The expression and activity of COX-1 in HUVEC regulates the formation of tubular structures induced by cancer cells (Tsujii et al., 1998). LL-37, the only cathelicidin protein expressed by humans, upregulated in breast, ovarian and lung tumors (Larrick et al., 1995; Coffelt et al., 2009; Weber et al., 2009; Haussen et al., 2008).The Cathelicidin LL-37 can induce a proangiogenic response via cPLA2-COX-1-PGE2-EP3 Signaling in human ECs, which is suppressed by aspirin in a manner of inhibiting COX-1 in vivo (Salvado et al., 2013) (Figure 2). Activation of PGE2/EP3 axis promotes sprouting angiogenesis by suppression of protein kinase A (PKA)/p-S675- β-catenin/Notch signaling in ECs (Chen et al., 2017). Moreover, fibroblast growth factor-1 and fibroblast growth factor-2 are the first two discovered polypeptides showing proangiogenic effects (Thomas et al., 1985; Esch et al., 1985). FGFR1 (Fibroblast Growth Factor Receptor 1) pathway in microvascular endothelial cells can be activated by EP3 receptor signal mediation (Federica et al., 2008). The 2,5-dihydroxyphenylic acids (Gentisic Acid), a metabolite of Aspirin, is a powerful fibroblast growth factor Inhibitor (Grootveld et al., 1998; Fernández et al., 2010). Furthmore, angiogenic effects of PGE2 are mediated by up-regulation of the C-X-C chemokine receptor type 4 (CXCR4) and CXCR4 expression can be inhibited by aspirin in HMECs (Rosalba et al., 2003). However, it warrants further research to verify the downstream of cPLA2-COX-1-PGE2-EP3 signalling transduction when aspirin antiangiogenesis.

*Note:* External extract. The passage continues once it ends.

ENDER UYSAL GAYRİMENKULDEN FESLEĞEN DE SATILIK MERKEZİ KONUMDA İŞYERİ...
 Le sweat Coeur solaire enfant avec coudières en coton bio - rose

Figure 2 Shown some signalling pathways that are targets of aspirin to inhibit tumor angiogenesis.However, it warrants further study to verify the downstream of signalling transduction in these pathways.

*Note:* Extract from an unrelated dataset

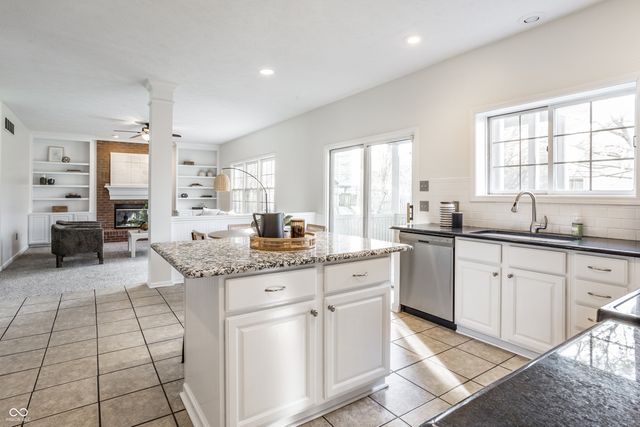 3827 Freeman Court, Carmel, IN 46032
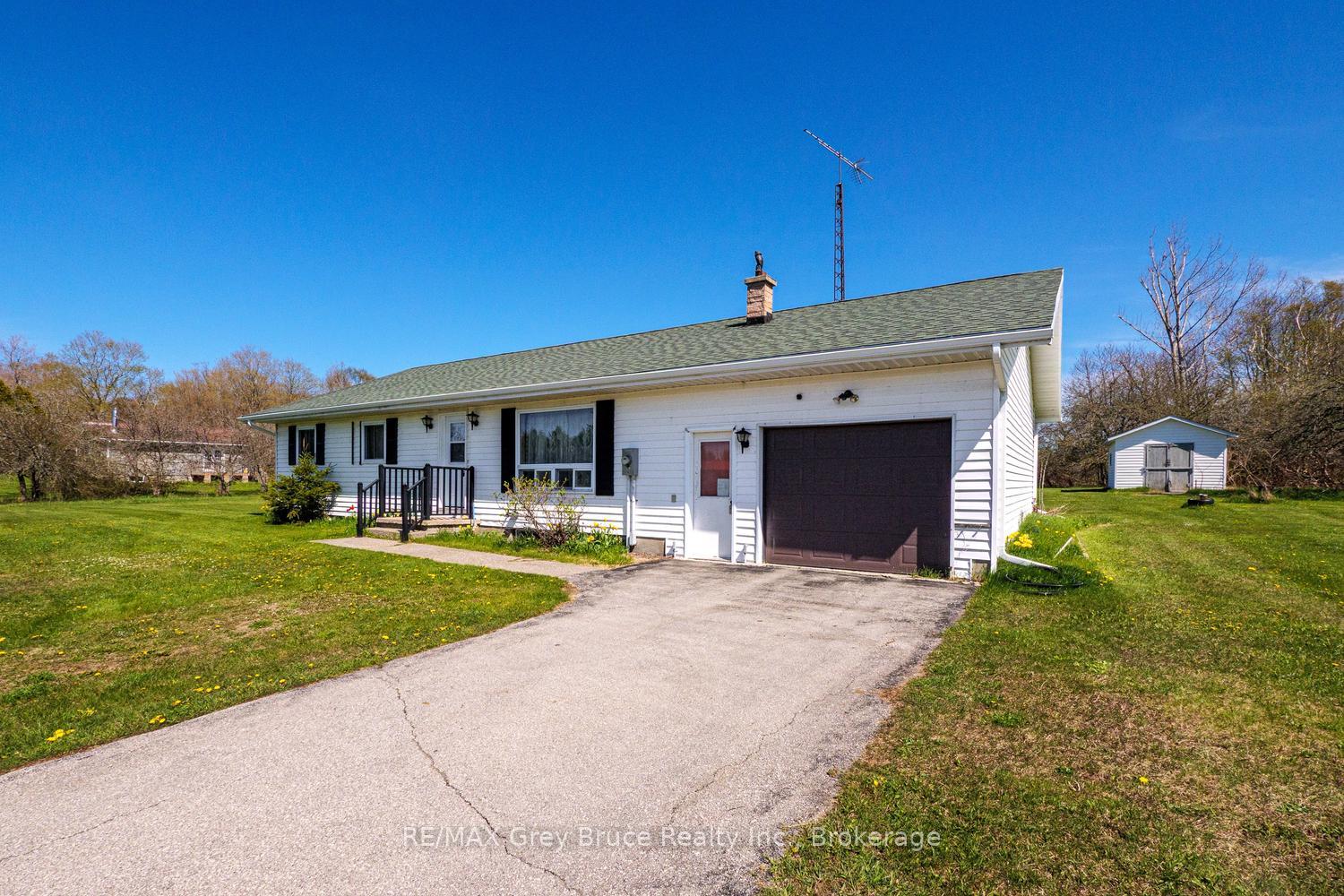 26-maple-golf-crescent-northern-bruce-peninsula-ontario-x12727600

It has been demonstrated that COX-2 in ECs is vital in regulating angiogenesis, and the microvessel density relate to the level of COX-2 expression (Jones et al., 1999; Kazuhiko et al., 2000). Moreover, in the sponge implanted mouse model, COX-2 mediated prostaglandins can up-regulate the expression of VEGF mRNA (Yoshida et al., 2003).

However, aspirin effectively inhibits COX-1 activity at a pharmacological concentration, but has a weaker active to block COX-2 activity (Meade et al., 1993; Mitchell et al., 1993). In fact, it has been demonstrated that salicylate inhibits Cyclooxygenase-2 transcription induced by IL-1β or phorbol 12-myristate 13-acetate by blocking C/Enhancer-binding Protein β binding to its cognate site on Cyclooxygenase-2 promoter (Michael et al., 2001). Furthermore, aspirin and sodium salicylate at pharmacological concertration blocked COX-2 protein expresion induced by cancer and VEGF (Shtivelband et al., 2003) (Figure 2). COX-2 protein levels in HUVECs, inducing by PMA (Porbolol 12-myristate 13-acetate), inhibited by Aspirin and sodium salicylate in the manner of concentration-dependent (Xu et al., 1999). Therefore, aspirin may inhibit COX-1 activity and COX-2 transcription to regulate angiogenesis.